### Task
Please retype every record below exactly, leaving the pictures out.

------ Data shown ------

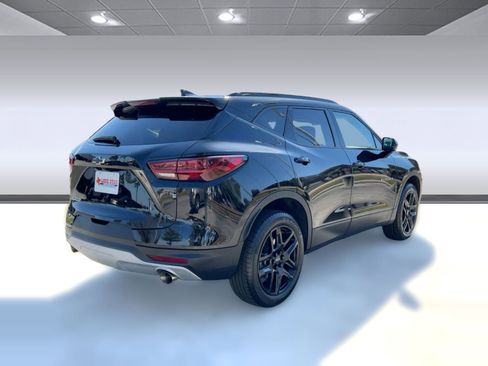 Certified 2024 Chevrolet Blazer LT w/ Convenience Package image 9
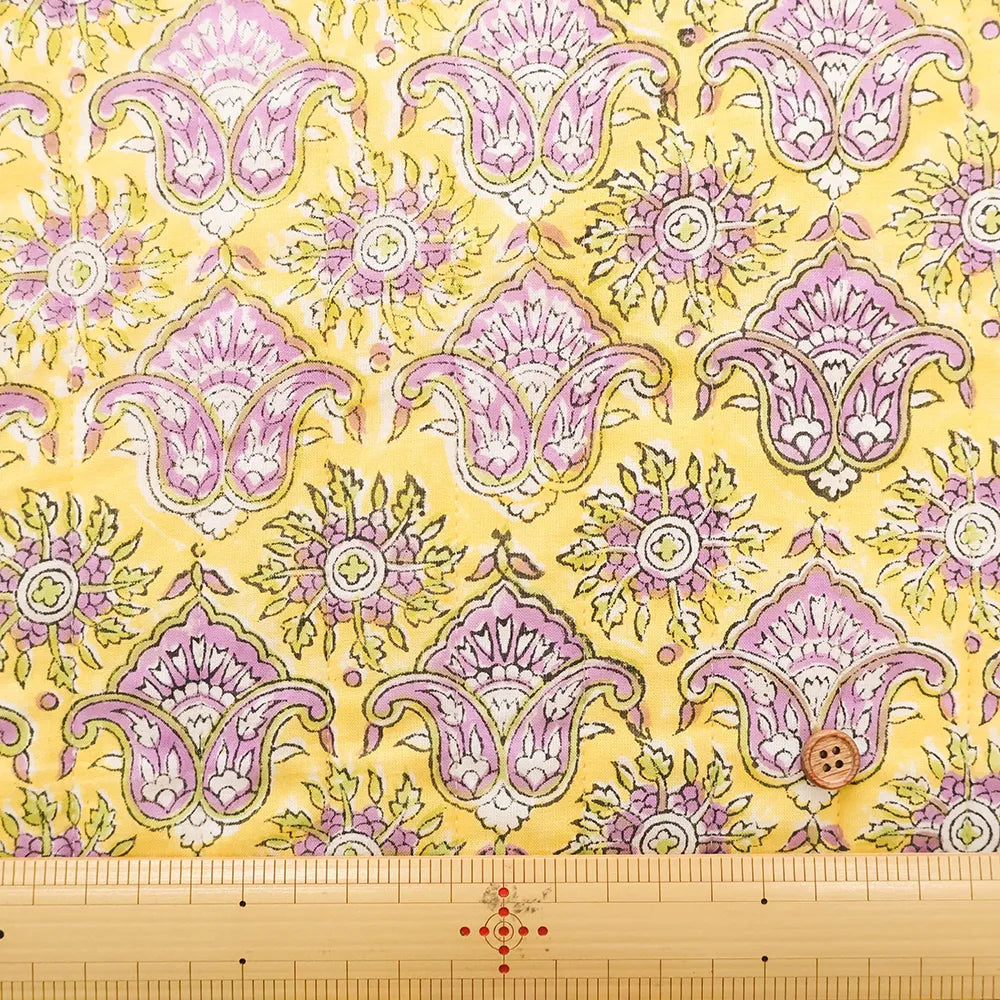 Made in India Cotton Cambric Printed Quilt Fabric - Ethnic Motif - nomura tailor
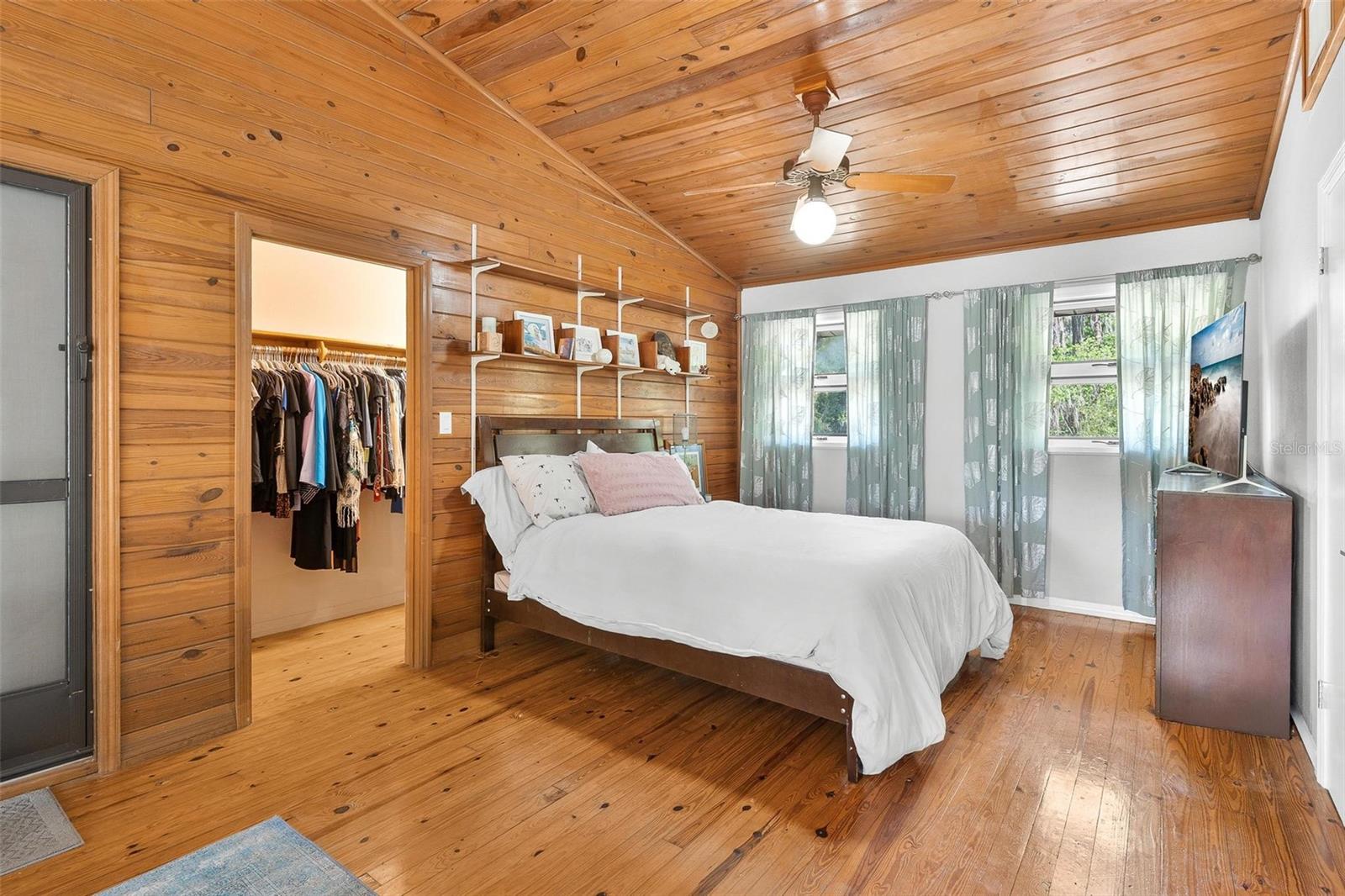 7373 CIRCLE DR, LADY LAKE, FL, 32159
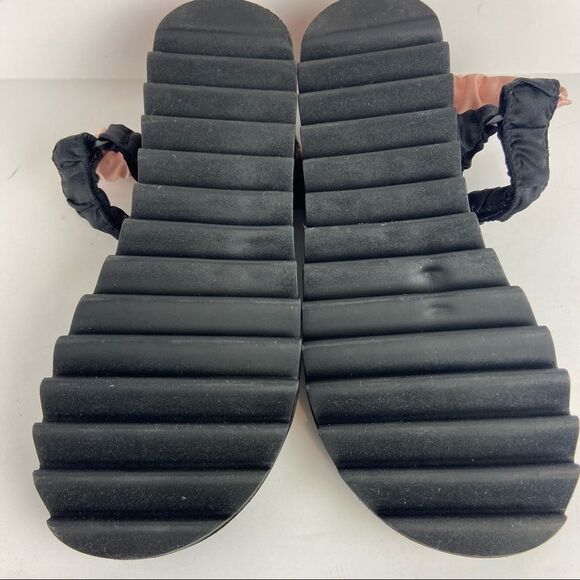 Wild Pair- Kendie Sporty Wedge Sandals - Picture 6 of 7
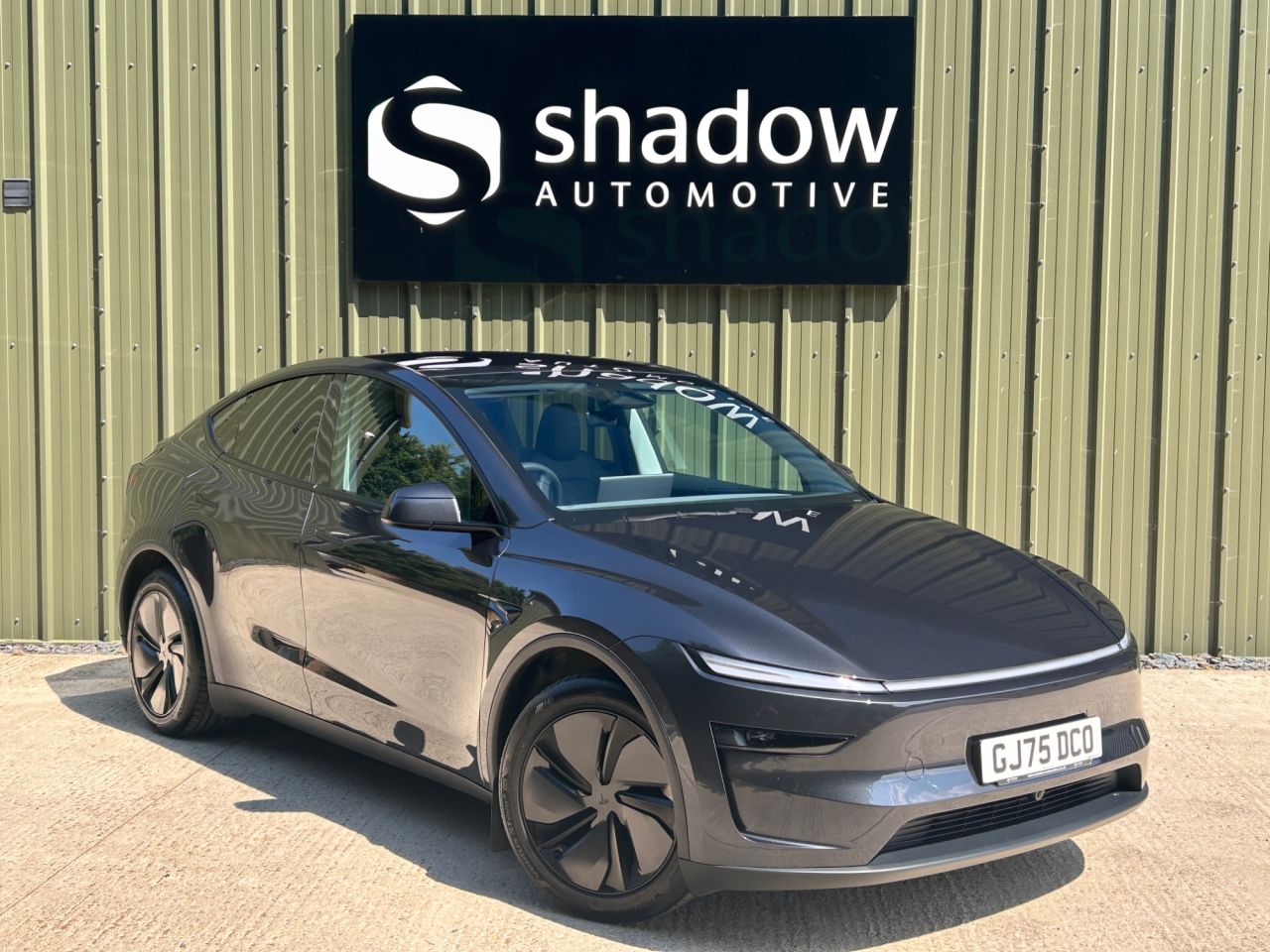 2025 TESLA MODEL Y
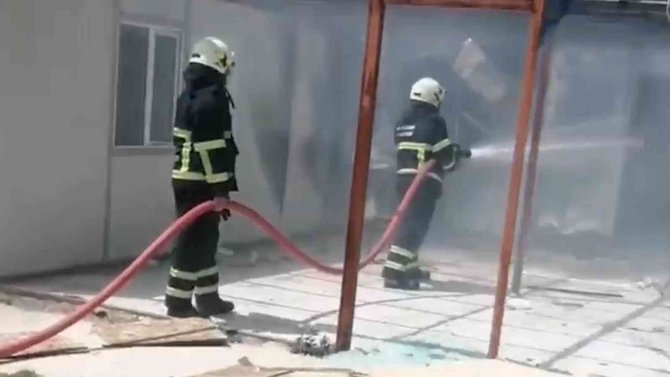 İ̇şçilerin Kaldığı Konteyner Ev Yandı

------

### Answer section
 Certified 2024 Chevrolet Blazer LT w/ Convenience Package image 9
 Made in India Cotton Cambric Printed Quilt Fabric - Ethnic Motif - nomura tailor
 7373 CIRCLE DR, LADY LAKE, FL, 32159
 Wild Pair- Kendie Sporty Wedge Sandals - Picture 6 of 7
 2025 TESLA MODEL Y
 İ̇şçilerin Kaldığı Konteyner Ev Yandı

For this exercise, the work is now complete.